I gasped, sitting straight up.

“Fuck… Are you okay?” Lola questioned with a frightened look next to me.

“Yeah… fuck, I’m sorry; I didn’t mean to wake you.”

“You were shaking and mumbling. You look terrified. Are you sure you’re all right?”

I nodded. “Yes, I just had a bad dream. Go back to sleep. I’m fine.”

“Are you sure?”

I nodded. “I’m positive.”

I went into the bathroom, shutting the door behind me and turning on the shower.

I looked in the mirror and the reflection was the same as it was when I was a child.

Broken.

CHAPTER EIGHT

<>B<>

“I love sunsets,” I expressed, looking at the beauty before me, nestled in the crook of Landon’s arm. We had spent the day at the beach, just the two us.

He looked out over the horizon and let me continue.

“It’s like the world stops spinning for just a few seconds and then night takes over. Once the sunrise appears, you have a whole new start to try again. A whole new day to make changes and decisions that could not only affect you, but everyone around you.”

I could feel his eyes on me. “Jesus… baby…”

I smiled, peeking up at him through my lashes. “What?”

“That’s some deep shit. I wish I could take away—”

“Don’t.”

He sighed. “Why? Brooke… why can’t we talk about it?”

I leaned back to pull away from him and he grabbed my arm, keeping me in place.

“There’s nothing to talk about, and even if there was”—I shrugged my shoulders—“what’s the point? It’s not going to miraculously change anything.”

“But maybe it will if you talk to them about it? They are your parents… don’t you think they have a right to know?”

“A right to know?” I repeated aggravated. “You’re joking, right?”

He rolled his eyes and leaned forward; sitting up to gain authority over me I was sure. “No, I’m not. I’m dead serious. You keeping it bottled up inside is doing you harm. You’ve changed so much over the last two years. I barely recognize you anymore. You’re about to graduate from high school and what? Huh?
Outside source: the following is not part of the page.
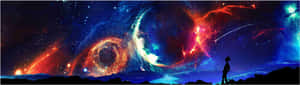 一個人站在宇宙景觀上的剪影，觀看發光的行星和星雲。 — 寬螢幕 壁紙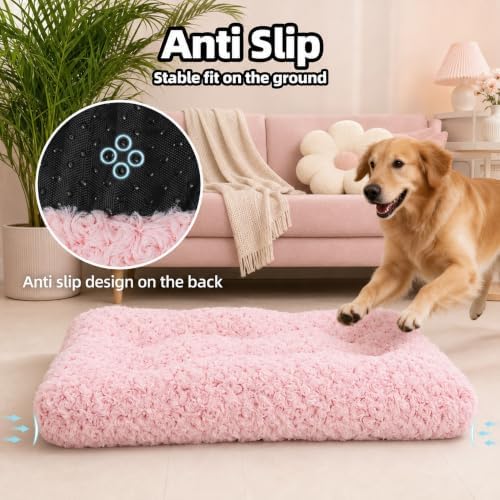 Dog Bed Large Size, Plush Washable Pet Bed Mat, Dog Crate Bed 35"x23" - Image 4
You’re just going to keep going on the path you are right now? Being this girl that no one can get close to? Especially me… I love you, Brooke. I love you so much, and the fucked up part is that I know you love me, too! I can see it every time we’re alone. Every time we make love, every time you let your guard down for just one goddamn minute, I see the Brooke you used to be. I want that girl back.”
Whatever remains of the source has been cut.